— Prompt —
Filter the entries down to the lines containing "Home", and copy those lines.
--- --- ---
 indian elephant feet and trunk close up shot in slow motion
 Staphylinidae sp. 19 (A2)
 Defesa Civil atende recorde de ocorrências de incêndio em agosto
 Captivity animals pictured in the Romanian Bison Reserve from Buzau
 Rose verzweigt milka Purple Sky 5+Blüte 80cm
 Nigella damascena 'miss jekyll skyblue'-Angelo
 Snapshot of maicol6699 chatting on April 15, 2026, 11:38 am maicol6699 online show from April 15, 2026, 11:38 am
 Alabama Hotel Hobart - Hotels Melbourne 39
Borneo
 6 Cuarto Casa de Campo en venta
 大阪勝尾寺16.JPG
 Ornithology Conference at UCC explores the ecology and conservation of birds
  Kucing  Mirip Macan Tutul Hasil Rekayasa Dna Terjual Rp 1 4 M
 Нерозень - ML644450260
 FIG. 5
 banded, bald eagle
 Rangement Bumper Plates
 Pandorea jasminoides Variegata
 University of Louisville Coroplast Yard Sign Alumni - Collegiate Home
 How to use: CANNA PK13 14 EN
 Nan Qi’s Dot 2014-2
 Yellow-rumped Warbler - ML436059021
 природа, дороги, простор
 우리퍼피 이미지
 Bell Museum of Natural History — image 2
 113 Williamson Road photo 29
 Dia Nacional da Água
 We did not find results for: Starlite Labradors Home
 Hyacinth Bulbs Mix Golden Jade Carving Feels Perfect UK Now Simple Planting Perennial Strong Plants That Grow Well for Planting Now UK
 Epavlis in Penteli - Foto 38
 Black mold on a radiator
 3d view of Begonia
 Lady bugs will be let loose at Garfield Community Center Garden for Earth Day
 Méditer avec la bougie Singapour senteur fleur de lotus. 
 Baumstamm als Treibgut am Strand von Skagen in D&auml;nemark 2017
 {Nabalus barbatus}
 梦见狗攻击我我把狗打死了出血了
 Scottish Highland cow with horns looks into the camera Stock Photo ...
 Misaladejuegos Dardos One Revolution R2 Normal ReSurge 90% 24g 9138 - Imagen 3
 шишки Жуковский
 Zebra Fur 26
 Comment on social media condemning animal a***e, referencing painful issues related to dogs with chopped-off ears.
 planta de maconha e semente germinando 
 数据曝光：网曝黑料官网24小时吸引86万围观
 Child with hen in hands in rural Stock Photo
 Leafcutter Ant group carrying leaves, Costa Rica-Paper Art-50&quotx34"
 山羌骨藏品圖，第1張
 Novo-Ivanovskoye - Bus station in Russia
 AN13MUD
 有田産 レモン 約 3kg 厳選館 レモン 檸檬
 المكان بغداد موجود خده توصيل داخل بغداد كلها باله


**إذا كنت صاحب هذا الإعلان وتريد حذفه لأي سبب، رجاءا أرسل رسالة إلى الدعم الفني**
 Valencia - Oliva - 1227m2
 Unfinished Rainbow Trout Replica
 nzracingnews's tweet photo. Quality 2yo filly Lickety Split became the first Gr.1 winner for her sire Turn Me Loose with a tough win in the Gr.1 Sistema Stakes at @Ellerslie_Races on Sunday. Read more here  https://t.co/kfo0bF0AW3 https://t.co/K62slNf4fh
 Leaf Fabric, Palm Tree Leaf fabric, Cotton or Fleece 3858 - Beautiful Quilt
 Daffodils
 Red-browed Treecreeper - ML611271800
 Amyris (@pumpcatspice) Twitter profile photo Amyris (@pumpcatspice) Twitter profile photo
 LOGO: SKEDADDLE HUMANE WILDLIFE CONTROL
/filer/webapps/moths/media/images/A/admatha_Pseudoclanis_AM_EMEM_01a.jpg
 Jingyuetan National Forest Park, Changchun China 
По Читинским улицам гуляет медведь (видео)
--- --- ---
— Result of the task —
 University of Louisville Coroplast Yard Sign Alumni - Collegiate Home
 We did not find results for: Starlite Labradors Home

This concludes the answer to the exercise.